I spend about $60 to $80 a week on eating out for lunch, and we usually eat out for dinner once a week where I spend between $45 and $60. I could cut that down, eat lunch at home more often, but whenever I try to do that, I last 2 days then I'm back to eating lunch out, and I don't feel like I save much money eating lunch at home. I mean lunch meats are expensive these days, then you add in the chips that I buy to go with the sandwich I would make...it adds up. Eating microwaveable entrees cost $4 generally speaking which saves about $3 to $8 compared to fast food or fast casual, but microwaveable stuff is not good to eat all the time.

One thing I think we have gotten better about this year is eating home cooked meals for dinner. Tonight we were simple and made grill cheese sandwiches and tomato soup for dinner...Fairly inexpensive to do. Last night we had Crock Pot chicken with green beans and "instant" mash potato.

The one thing I would love to get rid of is our cable TV bill, but wife won't let that happen so we just pay the piper for Cable TV. Our Cable and Internet bill is like $310 a month. That is over $10 every day for cable and internet service. Sucks but I can't win that argument, and gave up on trying.
 
  • Like
Reactions: dunlopj
Our Cable and Internet bill is like $310 a month. That is over $10 every day for cable and internet service. Sucks but I can't win that argument, and gave up on trying.

Are you paying for a bunch of box rentals?

I've got 500Gb up and down from Verizon at $113 a month, and then I use streaming services. Even to replace your TV service with something like YouTube TV would be 65 per month, but you're not paying for all the stupid box and DVR fees.
 
Are you paying for a bunch of box rentals?

I've got 500Gb up and down from Verizon at $113 a month, and then I use streaming services.

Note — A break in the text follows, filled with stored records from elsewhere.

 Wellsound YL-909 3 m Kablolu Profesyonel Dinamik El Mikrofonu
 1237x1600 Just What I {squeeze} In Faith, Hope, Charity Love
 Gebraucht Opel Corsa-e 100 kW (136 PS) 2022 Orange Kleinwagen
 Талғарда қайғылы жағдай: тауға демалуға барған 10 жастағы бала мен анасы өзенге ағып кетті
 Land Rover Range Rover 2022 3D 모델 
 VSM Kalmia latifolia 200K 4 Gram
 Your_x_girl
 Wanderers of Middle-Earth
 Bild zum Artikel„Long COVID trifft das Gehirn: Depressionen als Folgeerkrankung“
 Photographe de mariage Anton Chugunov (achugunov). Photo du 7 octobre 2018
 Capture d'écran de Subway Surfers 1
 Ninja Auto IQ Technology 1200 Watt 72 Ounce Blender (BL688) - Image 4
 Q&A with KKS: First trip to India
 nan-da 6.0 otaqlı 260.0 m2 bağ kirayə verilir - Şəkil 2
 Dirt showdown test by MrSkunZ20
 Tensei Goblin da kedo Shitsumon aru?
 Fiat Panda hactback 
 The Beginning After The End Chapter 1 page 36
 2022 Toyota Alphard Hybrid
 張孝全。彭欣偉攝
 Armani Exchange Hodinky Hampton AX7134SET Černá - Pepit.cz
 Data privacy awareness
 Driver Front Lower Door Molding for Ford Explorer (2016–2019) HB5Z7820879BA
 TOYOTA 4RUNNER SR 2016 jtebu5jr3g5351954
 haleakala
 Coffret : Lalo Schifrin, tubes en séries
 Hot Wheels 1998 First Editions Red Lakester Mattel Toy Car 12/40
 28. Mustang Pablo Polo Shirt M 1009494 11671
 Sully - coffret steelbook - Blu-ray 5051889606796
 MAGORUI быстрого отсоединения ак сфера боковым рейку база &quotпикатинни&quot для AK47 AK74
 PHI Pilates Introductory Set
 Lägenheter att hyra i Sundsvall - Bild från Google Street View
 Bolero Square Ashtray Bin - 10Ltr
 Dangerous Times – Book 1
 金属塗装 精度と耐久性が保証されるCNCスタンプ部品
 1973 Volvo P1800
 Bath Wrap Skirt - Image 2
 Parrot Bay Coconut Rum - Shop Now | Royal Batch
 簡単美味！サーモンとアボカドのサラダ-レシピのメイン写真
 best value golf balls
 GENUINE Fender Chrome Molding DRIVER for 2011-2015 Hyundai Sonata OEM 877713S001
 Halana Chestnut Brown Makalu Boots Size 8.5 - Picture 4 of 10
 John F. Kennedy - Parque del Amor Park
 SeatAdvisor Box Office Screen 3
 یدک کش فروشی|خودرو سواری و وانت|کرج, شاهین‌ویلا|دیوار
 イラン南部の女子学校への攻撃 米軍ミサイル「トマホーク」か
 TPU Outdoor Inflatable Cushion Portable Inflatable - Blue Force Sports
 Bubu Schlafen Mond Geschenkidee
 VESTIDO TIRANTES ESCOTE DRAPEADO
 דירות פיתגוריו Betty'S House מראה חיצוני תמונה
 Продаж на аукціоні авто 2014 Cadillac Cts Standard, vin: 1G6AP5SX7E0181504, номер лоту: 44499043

Even to replace your TV service with something like YouTube TV would be 65 per month, but you're not paying for all the stupid box and DVR fees.

Yes, we have 3 box rentals, and a modem/router rental. Our previous modem just died. It was 5 years old, and we replaced it at the Comcast store a couple weeks ago. We have been Comcast customers a real long time. The longer you are a customer, the more you get to pay for service! Strange how it works like that!

I have tried every avenue to cut the cable. Shown all the costs of the various streaming services multiple times. Wife won't have it.

We do have a Amazon Firestick with Prime, and I pay for Disney Plus, and we have Hulu as well. We can get Netflix when we want...Sister in Law has an account and barely uses it.
 
Yes, we have 3 box rentals, and a modem/router rental. Our previous modem just died. It was 5 years old, and we replaced it at the Comcast store a couple weeks ago. We have been Comcast customers a real long time. The longer you are a customer, the more you get to pay for service! Strange how it works like that!

I have tried every avenue to cut the cable. Shown all the costs of the various streaming services multiple times. Wife won't have it.

We do have a Amazon Firestick with Prime, and I pay for Disney Plus, and we have Hulu as well. We can get Netflix when we want...Sister in Law has an account and barely uses it.

YouTube TV is live tv though, with an unlimited DVR that works in any room in the house. I'd at least look at the channel lineup and see if you'd be missing anything.